A Penn State University fraternity pledge had toxic levels of alcohol in his body and was badly injured in a series of falls, authorities said Friday in announcing criminal charges for his death against 18 members of the organization and the fraternity itself.
Centre County District Attorney Stacy Parks Miller said a grand jury investigation, greatly aided by security camera footage from the Beta Theta Pi chapter house, found that his friends failed to get help for 19-year-old Timothy Piazza before his death in February. The grand jury said their actions in some cases may have worsened his injuries.
“This is a very sad day for Centre County — it’s been sad ever since we lost a child for reasons that are totally preventable. A child who just wanted to come to college here, who put his faith in Penn State,” Miller said in releasing a 65-page grand jury report and announcing charges.
Eight of the fraternity brothers and the chapter itself were charged with involuntary manslaughter. Other charges include aggravated and simple assault, evidence tampering, alcohol-related violations and hazing.
The grand jury said the fraternity was heavily stocked with booze for the Feb. 2 ceremony at which Piazza, a sophomore engineering student, and 13 others accepted pledge bids. The pledges were pressured to run a “gauntlet” of drinking stations that required them to chug vodka, shotgun beers and drink wine.
Piazza fell down a long set of steps that night, and fell several other times, injuring his head, Miller said. The next morning he fell down the same steps a second time, and was unconscious when help was finally summoned.

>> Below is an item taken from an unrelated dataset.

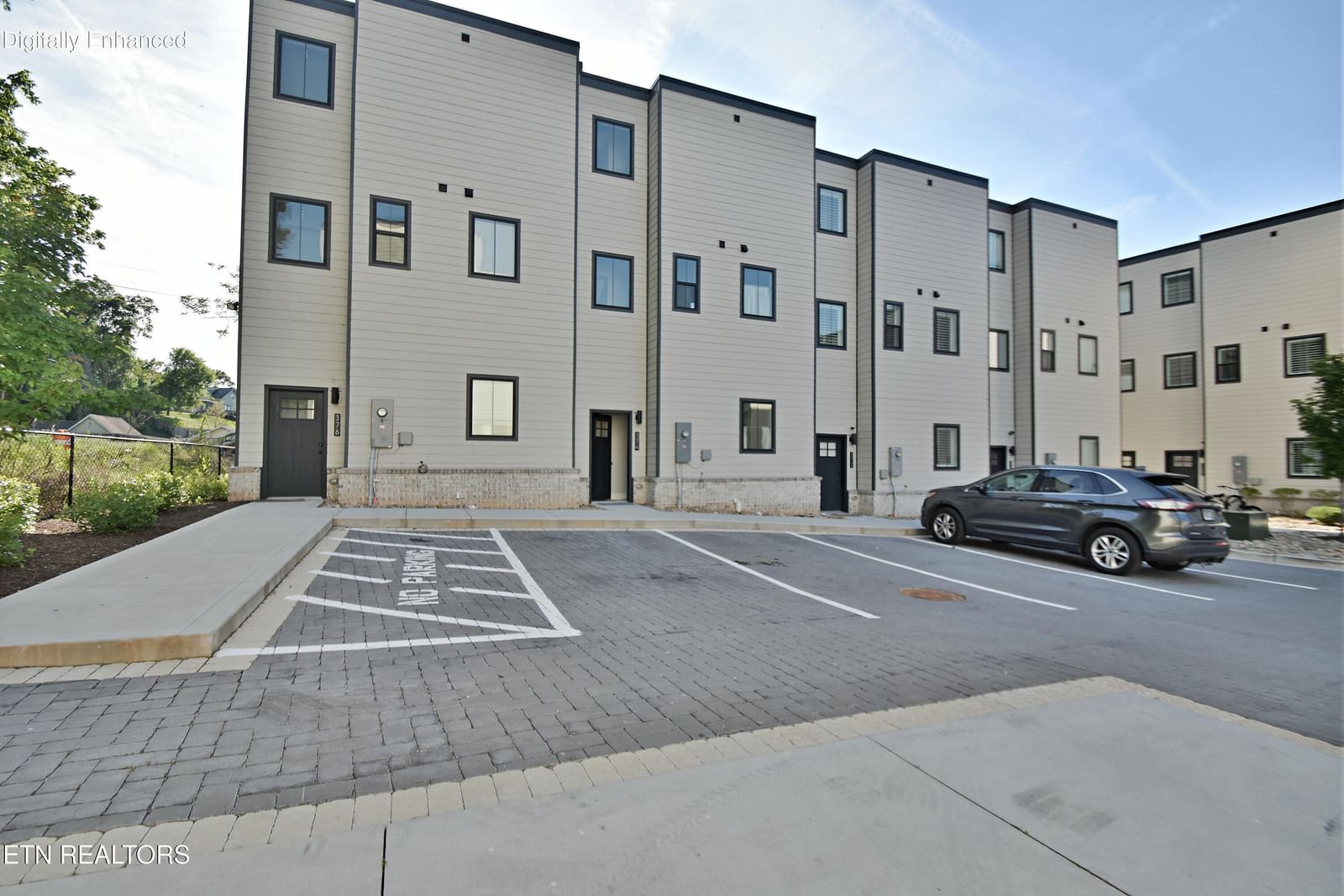 374 Mccormick St, Knoxville, TN 37920 — Photo 1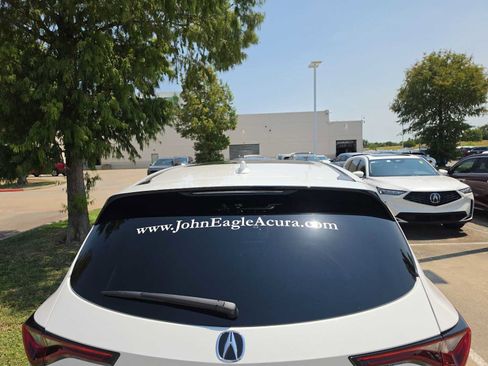 Used 2026 Acura MDX w/ Technology Package FWD image 5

Piazza, from Lebanon, New Jersey, died Feb. 4 at Hershey Medical Center.
Miller said doctors estimate Piazza had a blood-alcohol content of nearly .40 the night of the pledge ceremony, a dangerously high level.
Penn State permanently banned Beta Theta Pi on March 30, accusing it of a “persistent pattern” of excessive drinking, drug use and hazing. University President Eric Barron planned to make a statement about the case later Friday.

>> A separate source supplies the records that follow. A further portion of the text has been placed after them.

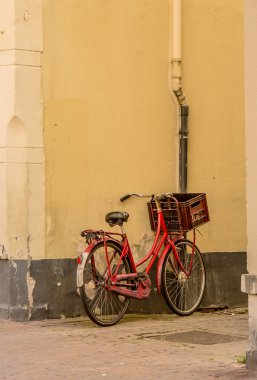 Eski bisikleti bir duvara yaslanmış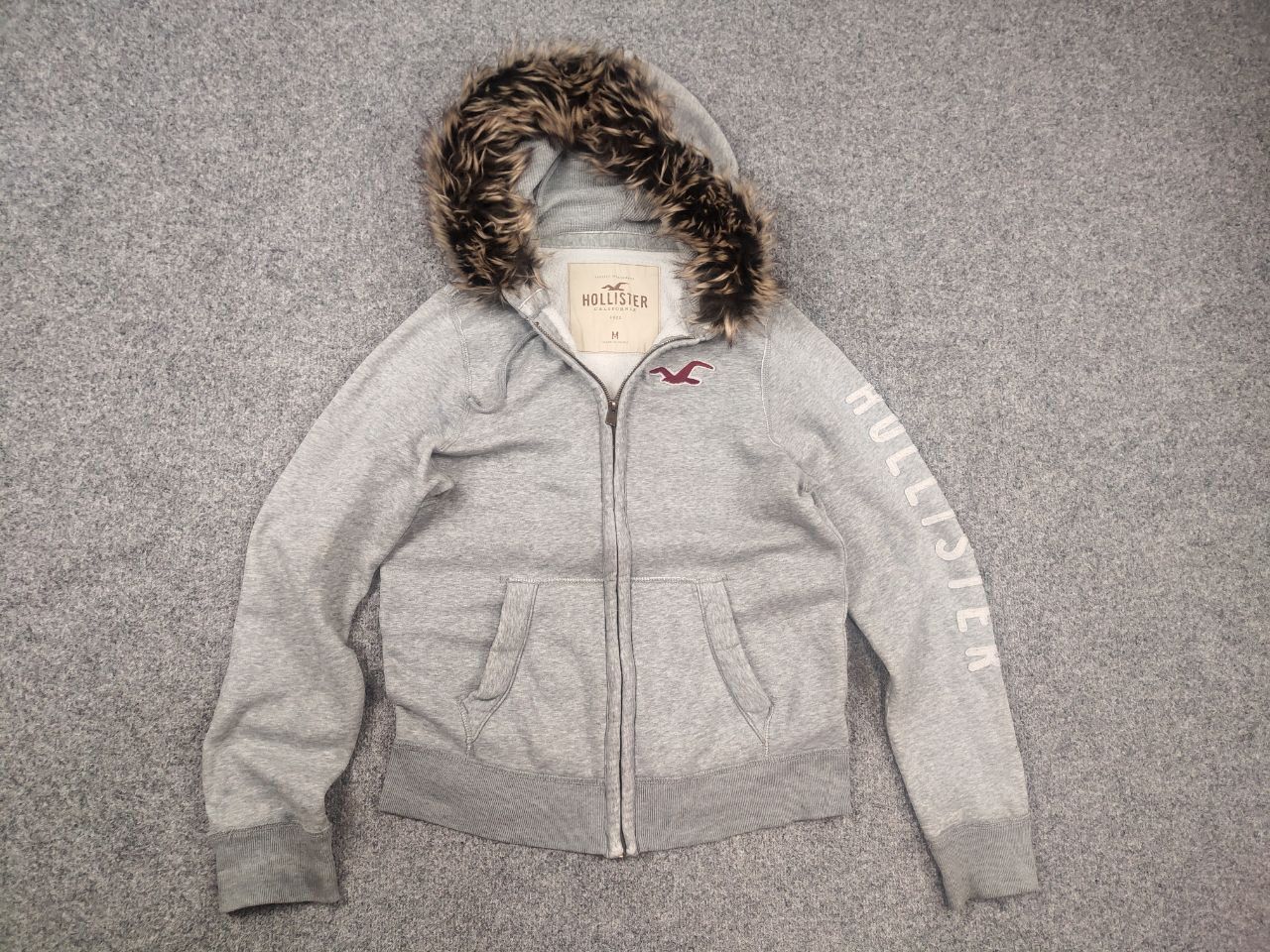 Hollister ホリスター　パーカー　ファー　ファージャケット　y2k 2026年最新】ホリスター ファーパーカーの人気アイテム - メルカリ
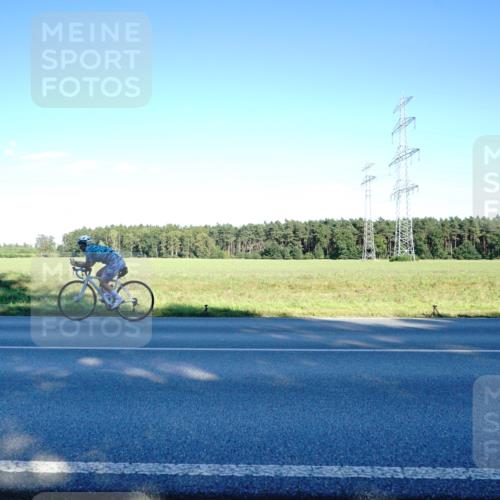 07.09.2025 - 19. Norderstedt Triathlon Michael Burmester http://msf.ph/oto/8854799 07.09.2025 16:25:04 Radfahren 1045 meine-sportfotos.de
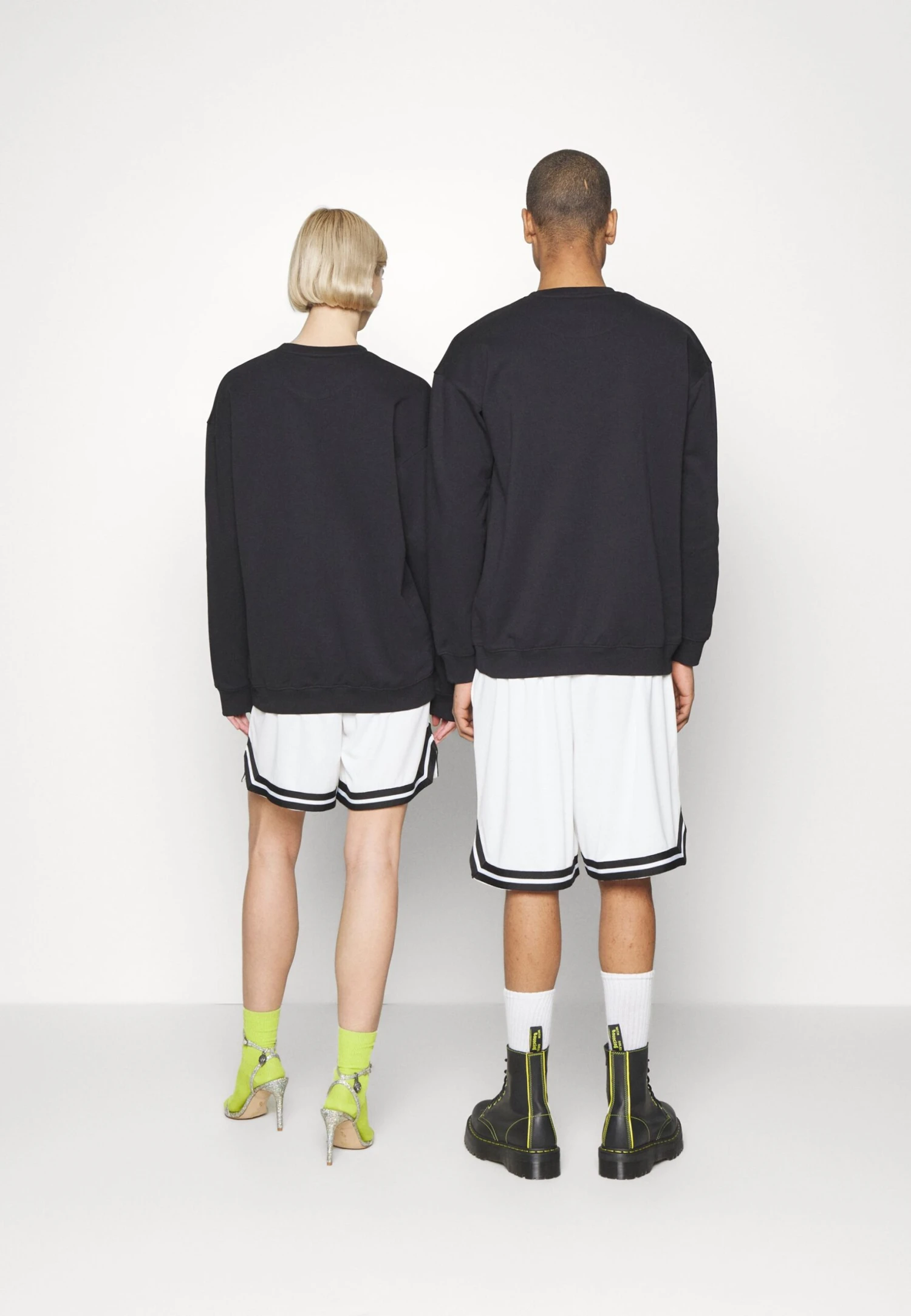 YOURTURN Care Bears Unisex - Sweater - Black 3 YOURTURN Care Bears Unisex - Sweater - Black - Afbeelding 3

Miller said video footage turned over to investigators was critical to the investigation, providing evidence of what occurred and contradicting stories some witnesses had told.
The cameras recorded Piazza drinking vodka and beer at around 9:20 p.m., and an hour later needing help to walk from an area near the basement stairs to a couch, staggering and hunched over. He’s later shown trying unsuccessfully to open the front door, then “severely staggering drunkenly toward the basement steps” at about 10:45 p.m., the grand jury report said.
He was subsequently found at the bottom of the steps after apparently falling face-first. Four brothers carried his limp body back upstairs, where some poured liquid on him, and another slapped him in the face, the jury said. Fraternity members put a backpack containing textbooks on him so he would not suffocate on his own vomit, the jury wrote.
When a brother insisted Piazza needed medical help, he was confronted and shoved into a wall, the report said. When the same brother insisted again that Piazza required help, he was told others were biology and kinesiology majors so his opinion wasn’t as valuable as theirs, the jury said.
Piazza tried to get up around 3:20 a.m., but fell backward and hit his head on the wood floor, the report said. He fell onto a stone floor at 5 a.m. and was last caught on video after 7 a.m. He was discovered in the basement at about 10 a.m.
“Timothy was lying on his back with his arms clenched tight at his sides and his hands in the air,” jurors wrote. “His chest was bare, his breathing heavy and he had blood on his face.”
During the next 40 minutes, fraternity brothers shook him, tried to prop him up, covered him with a blanket, wiped his face and tried to dress him before one of them finally called 911, the jury said.
The eight defendants facing more serious charges were scheduled to appear before a judge later Friday to be arraigned and have bail set. That will occur for the other defendants next week, Miller said. Five of them face only a single count each of evidence tampering.
The Associated Press contributed to this article.